The Wobulenzi roadside vendors, who were evicted yesterday for defying by town council officials, have been allowed to go back on streets.
Over 200 roadside vendors were evicted and their goods impounded for failing to abide by the time regulations set by the town council. According to the regulations, roadside vendors are supposed to work from 3pm to 7am to allow their colleagues who own stalls to also work. But the roadside vendors were working for whole day.
Wobulenzi town council officials wanted to relocate the vendors but the vendors today stormed the town council offices today to protest the idea. They demanded for their goods, which had been confiscated during the eviction.
The town clerk, Joseph Ssebudde agreed to let them go back on the streets but after setting conditions for them. Ssebudde told them that they must agree to work from 3pm to midnight, clean their places of work daily, pay 3000 shillings as medical checkup fees and paint their work tables among others.
However, the vendors protested the conditions and some have refused to endorse the document stipulating the above conditions.

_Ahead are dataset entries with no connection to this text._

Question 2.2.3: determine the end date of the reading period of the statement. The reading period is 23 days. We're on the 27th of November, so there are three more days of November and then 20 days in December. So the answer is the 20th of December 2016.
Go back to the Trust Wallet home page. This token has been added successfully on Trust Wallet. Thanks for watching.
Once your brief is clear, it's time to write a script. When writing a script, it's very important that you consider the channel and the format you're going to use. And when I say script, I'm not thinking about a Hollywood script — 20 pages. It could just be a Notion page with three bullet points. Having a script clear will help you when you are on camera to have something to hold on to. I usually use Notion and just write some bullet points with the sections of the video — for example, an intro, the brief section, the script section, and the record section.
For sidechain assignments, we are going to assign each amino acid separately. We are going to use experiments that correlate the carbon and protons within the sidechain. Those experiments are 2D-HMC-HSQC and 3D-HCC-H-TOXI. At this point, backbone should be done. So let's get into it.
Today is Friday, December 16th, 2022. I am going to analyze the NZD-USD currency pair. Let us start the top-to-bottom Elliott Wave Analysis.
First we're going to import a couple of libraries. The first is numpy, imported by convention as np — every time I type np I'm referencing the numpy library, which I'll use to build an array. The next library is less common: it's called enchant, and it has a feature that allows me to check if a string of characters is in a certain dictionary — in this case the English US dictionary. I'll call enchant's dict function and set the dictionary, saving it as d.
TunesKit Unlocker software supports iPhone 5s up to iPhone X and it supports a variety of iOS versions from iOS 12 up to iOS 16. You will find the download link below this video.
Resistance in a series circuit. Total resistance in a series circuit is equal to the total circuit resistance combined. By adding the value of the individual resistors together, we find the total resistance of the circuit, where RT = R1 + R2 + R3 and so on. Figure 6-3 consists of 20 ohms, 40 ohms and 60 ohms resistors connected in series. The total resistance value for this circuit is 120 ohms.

Harriet Namwanje, one of the vendors describes the conditions as harsh and unbearable for low income vendors. She explains that the vendors maximize their profits late in the night because that is when the highway drivers stop and buy from them.
She says that the order will lead to the decline in their profits and failure to pay daily taxes to the town council.
The shop owners are meanwhile also protesting the decision to let roadside vendors back onto the streets. John Kirya, one of the shop owners says that the vendors attract a big number of customers and block them from coming to the shops.
Kirya explains that they incurring losses yet they are expected to pay high taxes. He says that the shop owners pay 80,000 shillings in trading license fees and 10,000 shillings per year as local service tax whereas the roadside vendors pay 500 shillings per day.
Both shop owners and vendors called on the town council to build a permanent roadside market to ease the tensions between the two sides.